Eine zweite Todeströstung hat einen größeren Stoffwechsel im Blick. In dessen Phasen hat das individuelle Dasein seine Grenzen. Das Leben schlechthin dauert aber über den Tod den Einzelnen hinaus fort. Der lebt gewissermaßen in seinen Nachkommen weiter oder in seiner Gattung. - Blicken wir auf Schopenhauer. Er „hat zwar, wie Darwin, die Vorstellung eines größeren Ganzen, das die Individuen hinterfängt, nur dass es sich bei ihm nicht implizit um das Leben, sondern explizit und in noch größerem Maßstab, dem auch das Leben sich einfügt, um den Willen handelt, der kontinuierlich von den Steinen hinaufzieht bis zum Genie.“
Darwins Schrift über die Entstehung der Arten erschien 1859 in London. Schopenhauer starb 1860. Er hätte sich mit Entschiedenheit gegen Darwins Verzeitlichung der Natur zur Wehr gesetzt. Er beharrte auf der Idee der Spezies, der Spezies als platonischer Idee, als ewiges Urbild. Sogar vor der menschlichen Historizität verschließt er die Augen. Individuen sind bloße Vorläufer ihrer Nachfolger, Mittel zum Weitermachen des Willens. Zwar hat Schopenhauer, indem er das Leiden ins Zentrum seiner Weltbetrachtung rückt, das Individuum zur entscheidenden Kategorie erhoben (es ist das was leidet, genießt und sich langweilt). Aber so ausnahmslos und allgemein sieht er das Leiden, dass ihm die Grenzen verschwimmen, das rein individuelle Substrat des Leidens ihm abhandenkommt. „Wenn Schopenhauer schließlich, mit Blick auf den Tod und die Toten, tröstet: ´Wir sind noch alle beisammen´ (WWV II, Kap.41; Sämtl. Werke WB II/612) und zum Beleg die Katze anführt (II/616), die, egal wie viele Jahre ins Land gehen, immer nur dieselbe sei, wie sie da am Fenster liegt: denn sieht sie uns nicht an mit genau derselben Trägheit und Spannung wie ihre Urgroßmutter, an die wir uns noch gut erinnern? – dann wird er seiner eigenen Einsicht in das Leiden untreu, das die Individuen in ihren Häuten gnadenlos voneinander scheidet. Als Till Eulenspiegel in einer Schenke von einem Haufen betrunkener Bauern gebeten wurde, ihnen zu helfen, sie fänden ihre Beine nicht mehr auseinander – nahm er einen Knüppel, fuhr damit in das Knäuel, und sofort war für Klarheit gesorgt. So (wie der Knüppel) funktioniert Schopenahuers Leiden in praxi, es stiftet keine Gemeinschaft, im Gegenteil, und schon gar nicht hilft es über den Tod hinweg, sondern wird in seiner Einsamkeit von ihm gekrönt.“ (S.130)

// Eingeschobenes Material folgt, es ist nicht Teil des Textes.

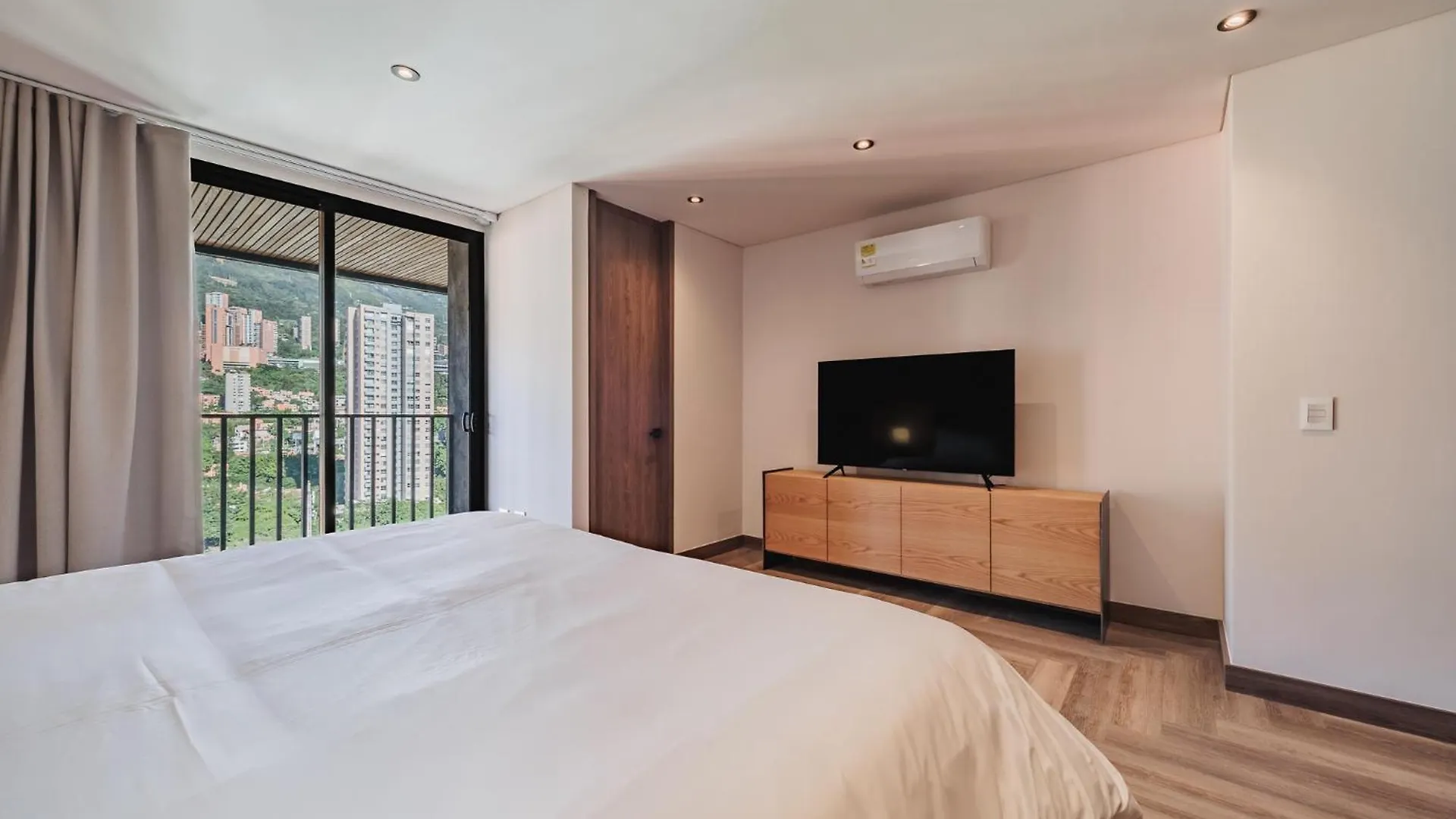 아파트 Apartamentos Lujosos En Edificio Morph En El Poblado 메딜린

1. Welt als Wille und Vorstellung I , §29 und Welt als Wille und Vorstellung II, Kapitel 28 ´Charakteristik des Willens zum Leben´ und 2. Welt als Wille und Vorstellung I, § 68 und Welt als Wille und Vorstellung II, Kapitel 48 ´Zur Lehre von der Verneinung des Willens zum Leben´.
Am Ende des zweiten Buches von Welt als Wille und Vorstellung I, in §29, heißt es: „Diese Welt, in der wir leben und sind, (ist) ihrem ganzen Wesen nach durch und durch Wille und zugleich durch und durch Vorstellung“: mein Wille und meine Vorstellung! „Jeder findet sich selbst als diesen Willen, in welchem das innere Wesen der Welt besteht, so, wie er sich auch als das erkennende Subjekt findet, dessen Vorstellung die ganze Welt ist, welche insofern nur in bezug auf sein Bewusstsein als ihren notwendigen Träger ein Dasein hat. Jeder ist also in diesem doppelten Betracht die ganze Welt selbst.“
Wille entspricht dem, was Burkhard Müller Das Leben nennt. Individualität ist bei Schopenhauer Schein (den Vorstellungsformen Raum, Zeit, Kausalität verdankt).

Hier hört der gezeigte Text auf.